My soul, wait thou only upon God; for my expectation is from him. He only is my rock and my salvation: he is my defense; I shall not be moved. In God is my salvation and my glory: the rock of my strength, and my refuge, is in God. Trust in him at all times; ye people, pour out your heart before him: God is a refuge for us. Selah Psalm 62:5-8

One Nation Under God, Indivisible, with Liberty and Justice for All

By Michelle Neuenswander

What Satan schemes to destroy and divide, God loves to heal and unite.

American courthouses are overflowing with spiritually sick people who are crying out for healing in all the wrong ways: family court, juvenile court, drug court, homeless court, criminal court, civil court, and everything in between. We can litigate addiction, crime, broken contracts, and broken hearts, but the truth is spiritual problems require spiritual solutions.

Family court is a place where Satan has his way with marriages and families. The shattered hearts line up in droves to hand over control of their once-cherished marriages, children they dreamed of having, and finances to a stranger who is tasked with managing the dumpster fire the enemy made out of their lives. Ironically and sadly, it all began with two people who fell in love, got married, had children, and built homes and dreams together, most with beautiful intentions.

Once God is shoved into the back seat of relationships, Satan leaps at the chance to hijack the ride. The enemy doesn’t settle for shotgun; he insists on the driver’s seat where he plots and plans the final destination for the once-in-love couple. It’s called divorce, a hellish experience that destroys everyone in its path. Hatred and resentment are a couple of the roads frequented by couples when the wicked driver is steering their marriage.

One Nation Under God, Indivisible, with Liberty and Justice for All  at george magazine

One of my first memories of reporting in family court is of a divorcing couple who were fighting over who was going to pay a $500 gas and electric bill. Their high-profile, high-priced attorneys spent hours preparing and appearing before a very seasoned judge who had heard it all. He took the time to point out that their immaturity and contempt for each other led them to paying thousands and thousands of dollars in attorneys’ fees when they could’ve worked together to pay the much-less-expensive $500 utility bill.

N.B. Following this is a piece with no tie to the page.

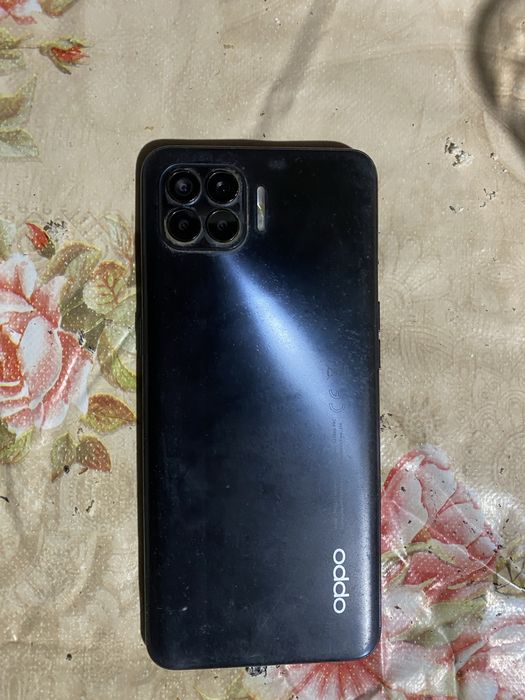 Oppo reno 4 lite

I reported another family matter where a mother and father’s hatred for each other drove their daughter into the throws of an eating disorder where she starved herself. Even when their daughter was hospitalized and on feeding tubes, they mustered up enough disdain for each other to ignore the suffering they inflicted on their little girl, and they continued their courtroom brawling. Satan isn’t satisfied with destroying married couples; he wants their children’s peace, joy, and health too. God intends for mothers and fathers to demonstrate love for their children. They are the first and most significant models their children will ever have, second only to God himself. This family’s commissioner was so upset about what was happening to this little girl, and I have no doubt their case will leave a mark on his heart that will always be there. Had they led with their hearts and put God in His rightful place in their marriage, everyone in their wake would have been better for it, and their daughter could have enjoyed her childhood rather than wasting away in a hospital.

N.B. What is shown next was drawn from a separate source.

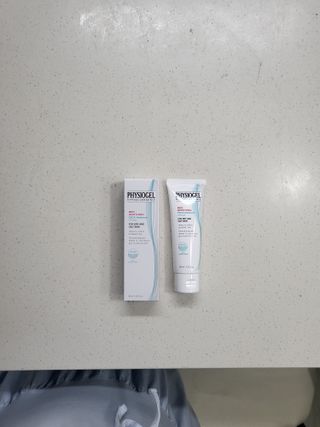 피지오겔 레드수딩 시카밸런스 크림 50ml — 5점을 준 리뷰어가 2022년 4월 올린 사용 사진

I will never forget another commissioner in family court lecturing a divorced couple about the way they treat each other and their small children. She told them that we ask our small children to keep a visitation schedule that we as adults could never handle, packing up their things and going back and forth several times a week because of the parents’ drama. She told that man and woman that if one of them is going to a movie on a night when their children are in their home, they should offer the other parent that time with their own children before hiring a sitter because children benefit from frequent, recurring contact with both parents. It was about doing what is best for the kids. Most impactful was her statement to them about their family court file being public record. She held up their fat file that was overflowing with their documented hatred for each other. The commissioner asked them if they would be proud of that file if their children grew up and read it one day. I wonder how different that file could have looked if its contents were minimal and reflected two people who were making their best efforts to compromise and put their children’s best interests before their own anger and fears.

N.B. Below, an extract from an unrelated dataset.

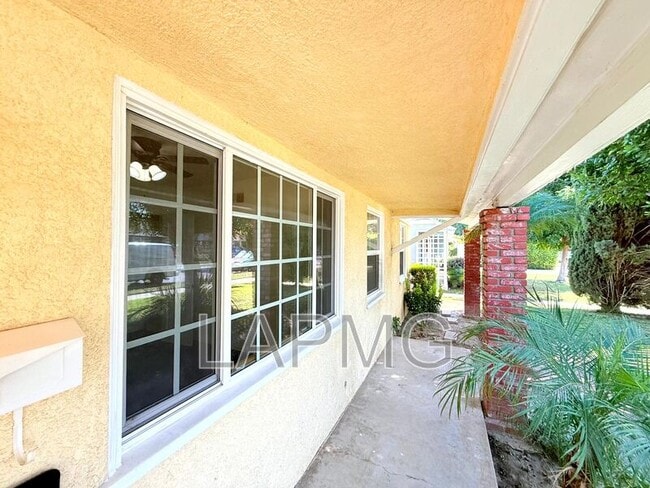 Foto del edificio - 17535-17537 Baltar Street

There is a family court case that has rocked my world more than any other. The husband and wife were married very young; they had dated since she was in high school. They had even gone to the same grade school; they just didn’t know each other yet. The wife kept a journal throughout her growing-up years that remembered well how much the two loved each other. They were married for many years and had three beautiful children, but they drug the whole family through family court when they couldn’t figure out how to fix the parts that were broken. Their children suffered; they suffered, and their extended families suffered when they went through years of misery with them. Their youngest child grew up crying because she never had a single memory of her parents being together, not even a recollection of her family being in the same room together. One day, her whole childhood later, a miracle happened; God was welcomed back into her family, and with His Light too bright for the enemy’s darkness, her mom and dad made amends to each other for their own parts without mentioning one thing the other had done to hurt them over the 30-plus years they had known each other. The ego doesn’t enjoy taking responsibility without shifting some of the blame onto the other person or sprinkling reasons, excuses, and dug-up bones on top of their amends. But the soul wins every time humility and love are used to clean up our own side of the street without taking hostages.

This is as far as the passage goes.